There’s some movement on giving nuclear power credit where credit is due. The Environmental Protection Agency is working on how to credit nuclear for carbon-free electricity as it finalizes its climate rules on new and existing power plants. That would give nuclear a boost by making it officially a more palatable alternative to coal plants, which until the end of the year will close at an average rate of 88 megawatts a day.

Click here to see the full graphic about the decline of U.S. coal plants.
Economics, regulation, politics, waste storage, safety, post-9/11 security, transmission, community opposition, national environmental opposition—all explain why it may soon be simpler to build nuclear plants in Iran. Or China, where some 30 reactors are under development. India is adding six more to its 21 operating plants. There are 66 nuclear power stations under construction around the world right now.
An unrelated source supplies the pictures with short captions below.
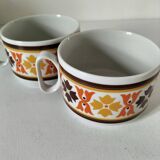 2 vintage cups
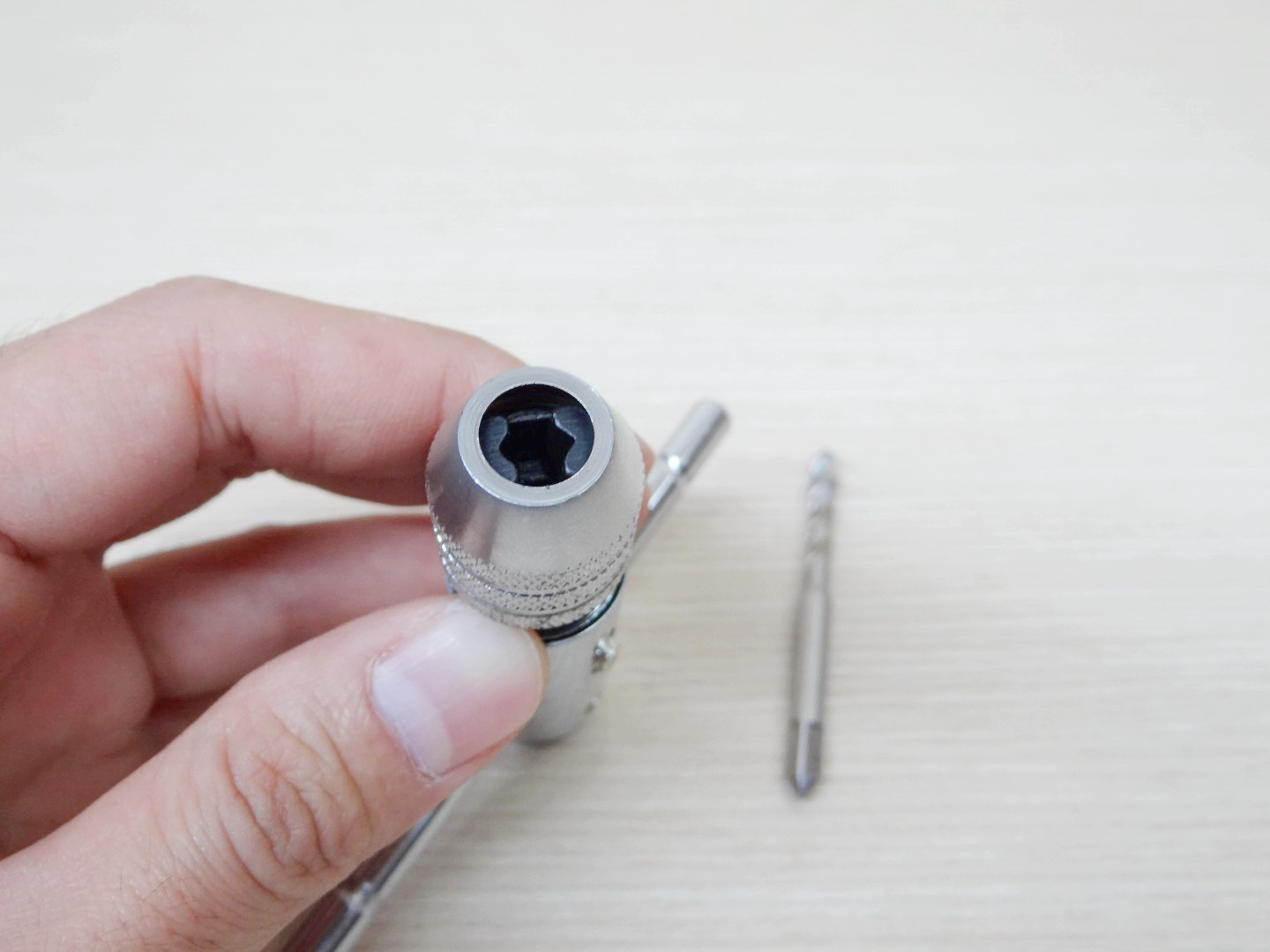 Reversible M3-M8 T Bar 85mm Handle Ratchet Tap Wrench Holder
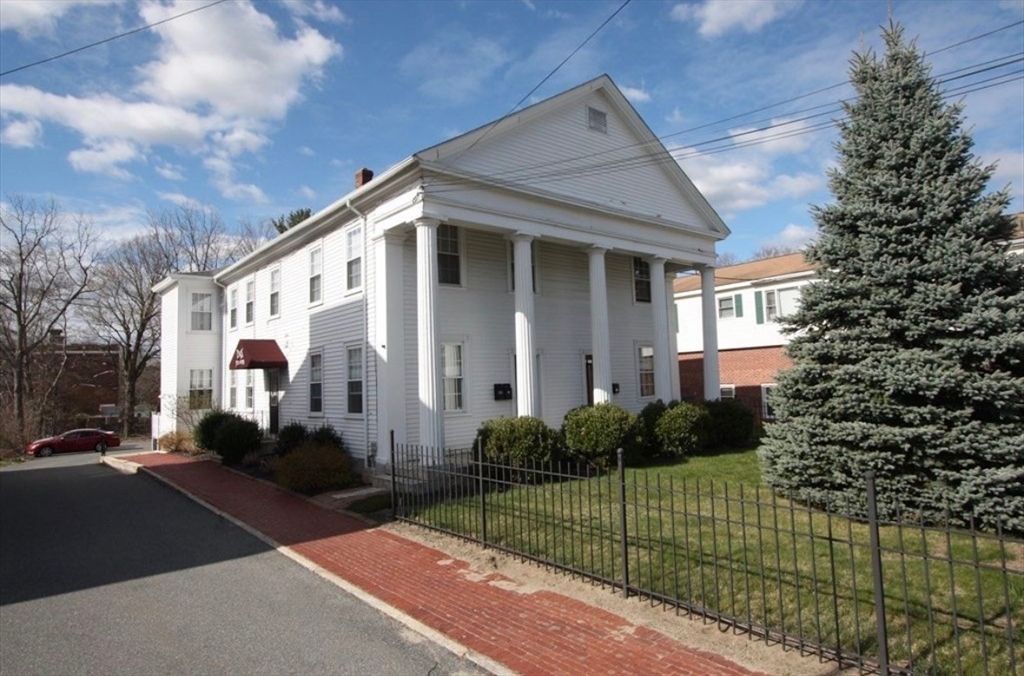 122 Elm St D, Millbury, MA 01527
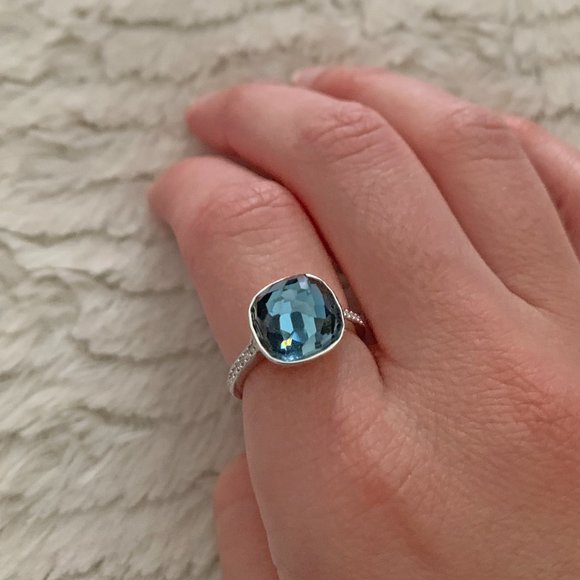 SWAROVSKI Blue Crystal Ring - Picture 4 of 6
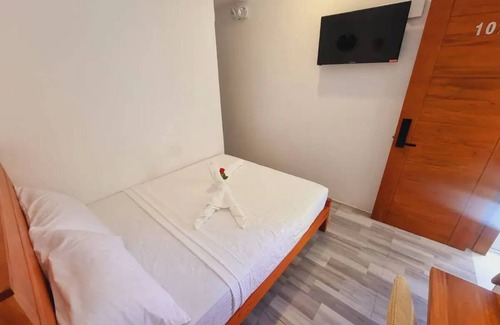 Boracay Island Hotel | CiNta Hotel - 2 story total 5 rooms with individual bathroom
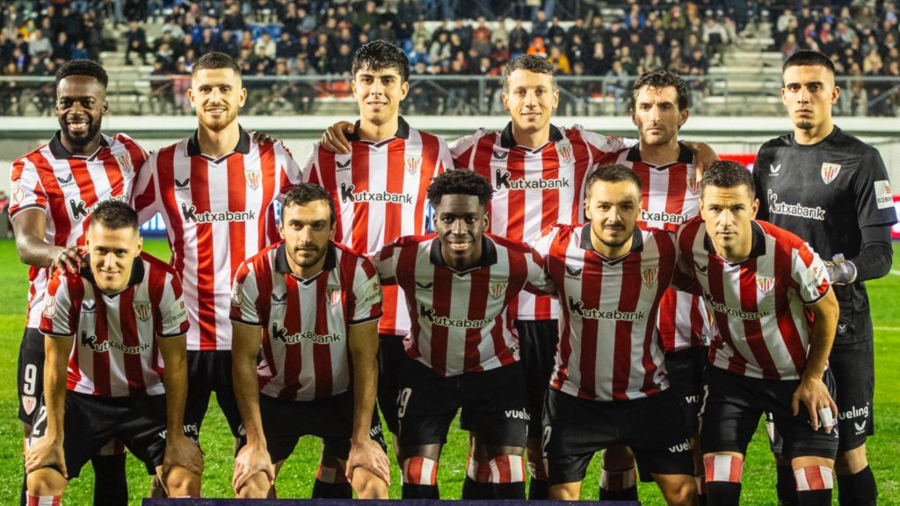 El guardameta mexicano intervino con acierto en centros y balones largos durante los 90 minutos reglamentarios.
Just four are in the U.S.
And that leaves the U.S. nuclear power industry at a strange phase in history—as the underdog.
4 Comments on "Why Nuclear Power Is All but Dead in the U.S."
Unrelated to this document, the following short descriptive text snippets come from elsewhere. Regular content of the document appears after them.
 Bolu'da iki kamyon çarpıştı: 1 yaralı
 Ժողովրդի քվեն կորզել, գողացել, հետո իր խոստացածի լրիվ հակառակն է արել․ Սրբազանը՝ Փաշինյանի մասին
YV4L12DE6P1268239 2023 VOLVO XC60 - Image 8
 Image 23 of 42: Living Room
Makati1 on Wed, 15th Apr 2015 8:00 pm
The Us will burn hydrocarbons as long as they can afford them. New nuclear is too expensive for a debtor country like the UFSA and it’s declining middle class.
Save the ecology? What ecology? We killed everything that made the US beautiful and self sustaining. What animals do we have left outside zoos and a few small parks? Mountain lions? Panthers? Bobcats? Wolves? Mountain goats? Bison? Elk?
No, we have animals like: rats, possum, armadillo, skunks, groundhogs, etc. The scavengers of the system. But that fits, we are becoming scavengers too, and will someday eat those other scavengers until they too are extinct. So, bring on the climate changes and get it over with.
As for nuke plants… 130 planned/under construction but how many will actually be finished and started up? 130? 100? 50? 1? 0? It takes 8-10 years to build a nuclear plant and I doubt we have that long before the SHTF.
And, no, even being completed does not mean use. The Ps has one complete, never used, sitting empty and it will stay that way. They do not want the problems/expenses that nuclear brings.
dave thompson on Thu, 16th Apr 2015 2:45 am
The real issue is Fukushima.
Lawfish1964 on Thu, 16th Apr 2015 12:31 pm
This article twice refers to nuclear as a “carbon-free” energy source. Yeah, I guess enriched uranium just sits in a mine waiting for some guy to come pick it up and drop it into a reactor. And the plant was built by hand, using no FF driven vehicles. And then there is that pesky little issue about how to store thousands of tons of poisonous, radioactive waste for hundreds of thousands of years. I’m sure glad I don’t live within 150 miles of a nuclear power plant.
Spec9 on Thu, 16th Apr 2015 1:56 pm
Nuclear power is dead because it costs too much. Wall Street hates it. It lives on government subsidies.
But I still think we need it As a big carbon-free electricity source.